The House version of the Farm Bill had significantly larger cuts than the measure the Senate adopted earlier this month.

In the original bill, more than half of the reductions, totaling $20.5 million, would have come from SNAP, denying benefits to almost 2 million people in more than 40 states. And by targeting the eligibility criteria, those affected would have been primarily low-income working families and seniors.

During debate on the House floor, an amendment offered by Rep. McGovern (D-MA) to turn back the SNAP cuts was defeated and an amendment offered by Rep. Southerland (R-FL) to further restrict access was adopted.
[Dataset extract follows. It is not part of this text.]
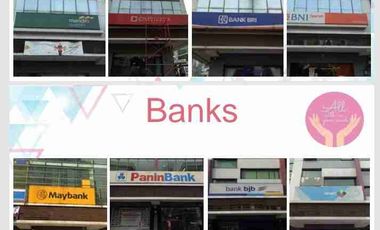 apartemen bayar 8 juta siap huni cicil 20 tahun flat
In the end, the bill failed to garner enough votes for passage. A quarter of the Republican caucus, 62 in all, joined 172 Democrats in opposition to the bill, and only 171 Republicans and 24 Democrats voted in support.

Despite the fact that farmers’ subsides and prices will revert to 1949 levels without a renewal of the Farm Bill, agriculture industry supporters on both sides of the aisle appear unable to reach a consensus. 

At this point, it’s unclear how this historically bipartisan bill will be able to move forward in the current political environment in Congress.